## WHAT YOU SHOULD DO
Return only the lines of the listing below that run from the line with "Chris Mans - @chrismans50 - Twitter" through the line with "118 66 Ferret Run Lane,New Bern", both ends included, exactly as written.

## THE RECORDS
- - -
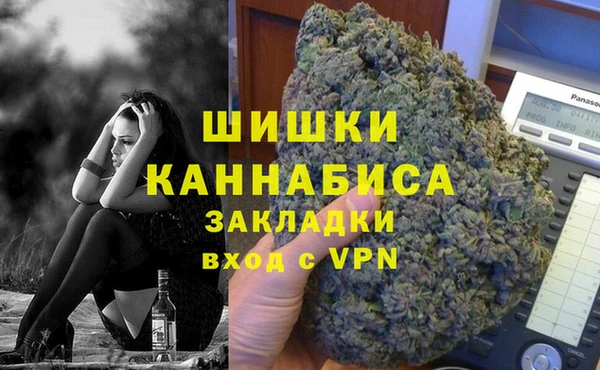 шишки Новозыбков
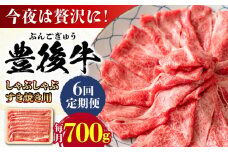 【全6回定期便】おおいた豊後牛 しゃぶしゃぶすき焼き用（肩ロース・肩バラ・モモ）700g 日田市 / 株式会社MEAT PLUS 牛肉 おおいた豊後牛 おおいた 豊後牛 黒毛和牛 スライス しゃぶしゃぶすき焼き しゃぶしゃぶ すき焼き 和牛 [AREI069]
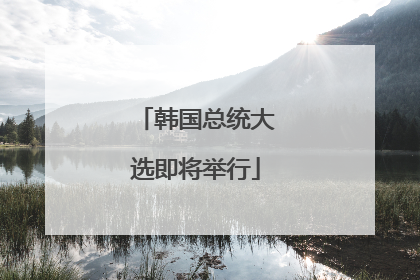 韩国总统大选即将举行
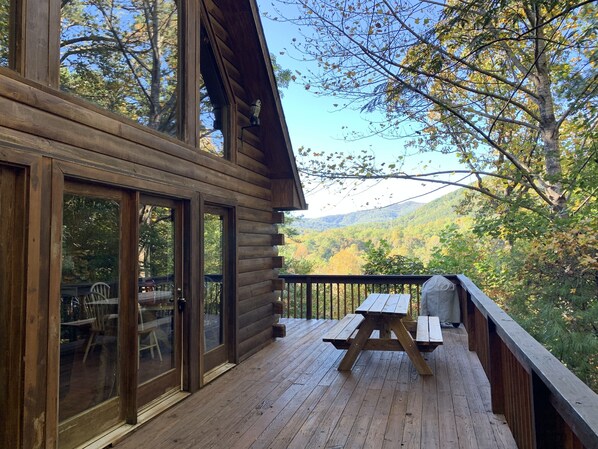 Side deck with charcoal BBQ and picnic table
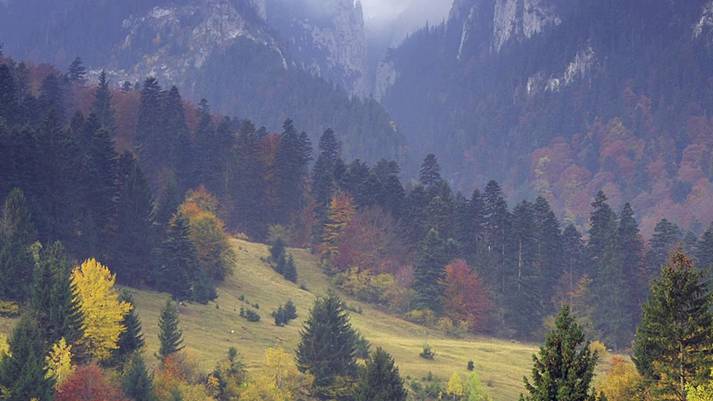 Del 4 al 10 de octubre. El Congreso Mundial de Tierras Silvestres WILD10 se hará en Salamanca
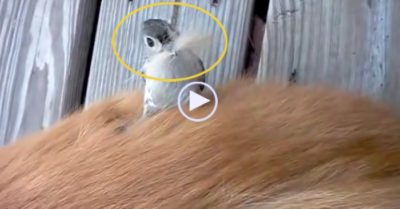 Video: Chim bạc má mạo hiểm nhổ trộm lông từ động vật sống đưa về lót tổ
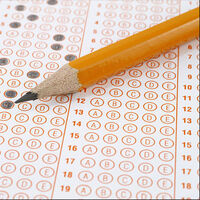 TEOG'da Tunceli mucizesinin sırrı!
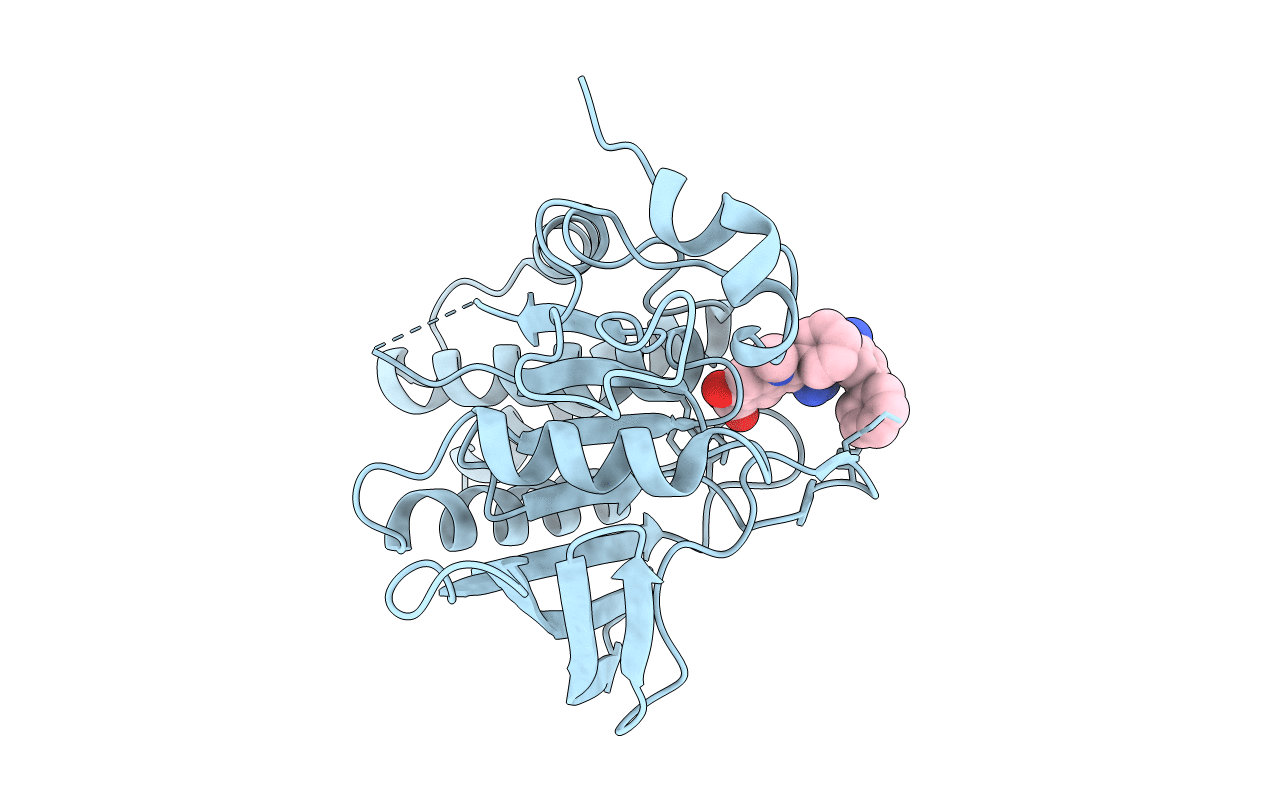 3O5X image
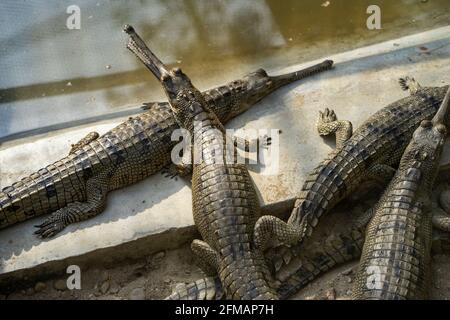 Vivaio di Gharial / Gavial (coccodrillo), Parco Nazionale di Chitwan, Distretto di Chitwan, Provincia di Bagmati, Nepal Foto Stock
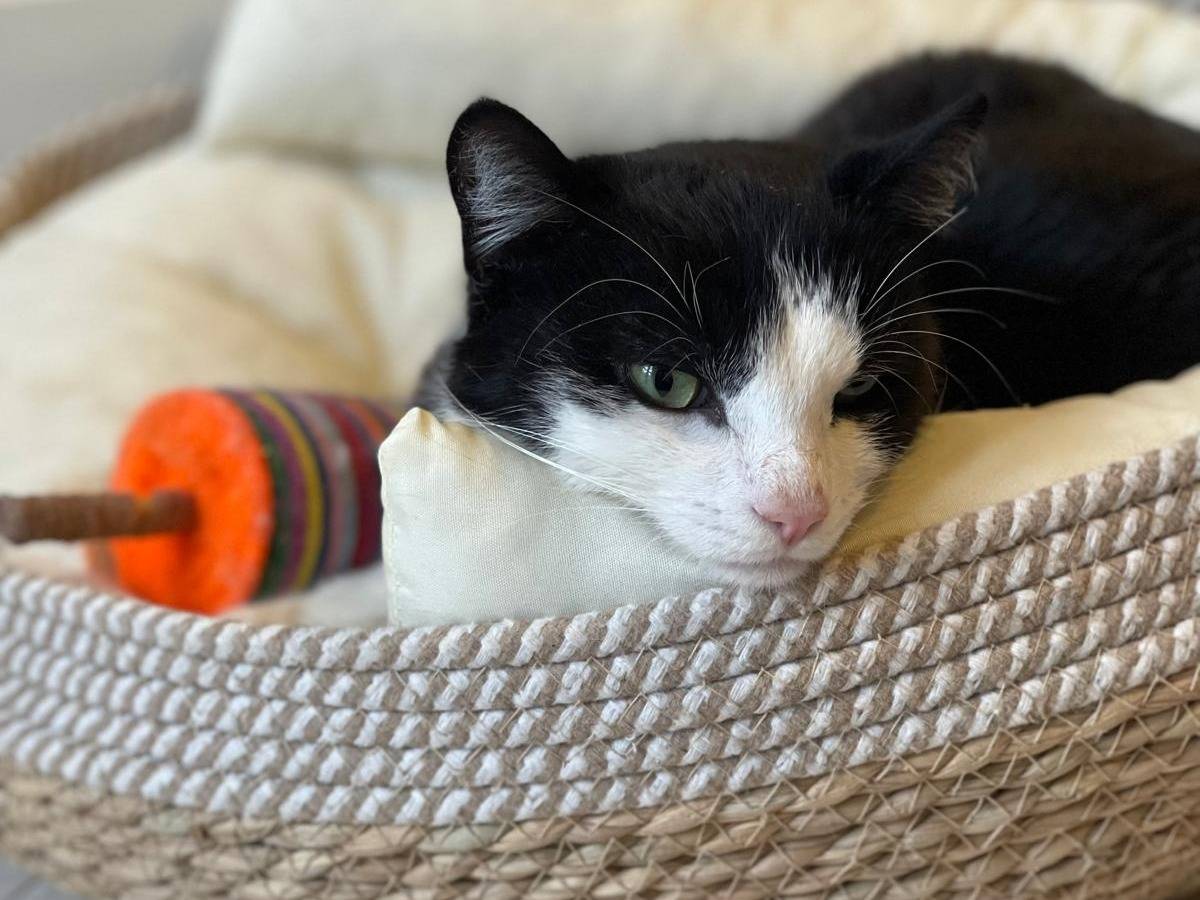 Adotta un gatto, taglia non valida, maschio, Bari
- - -
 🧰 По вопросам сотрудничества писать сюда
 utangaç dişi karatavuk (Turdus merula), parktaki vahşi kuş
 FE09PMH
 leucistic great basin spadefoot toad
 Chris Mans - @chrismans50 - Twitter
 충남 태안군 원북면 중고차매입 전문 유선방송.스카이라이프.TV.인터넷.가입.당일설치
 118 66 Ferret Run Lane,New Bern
- - -
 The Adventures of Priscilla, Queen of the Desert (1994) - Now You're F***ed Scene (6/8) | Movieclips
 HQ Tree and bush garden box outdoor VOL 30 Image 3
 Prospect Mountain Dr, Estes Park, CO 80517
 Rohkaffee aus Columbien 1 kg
- - -
## ANSWER SPACE
 Chris Mans - @chrismans50 - Twitter
 충남 태안군 원북면 중고차매입 전문 유선방송.스카이라이프.TV.인터넷.가입.당일설치
 118 66 Ferret Run Lane,New Bern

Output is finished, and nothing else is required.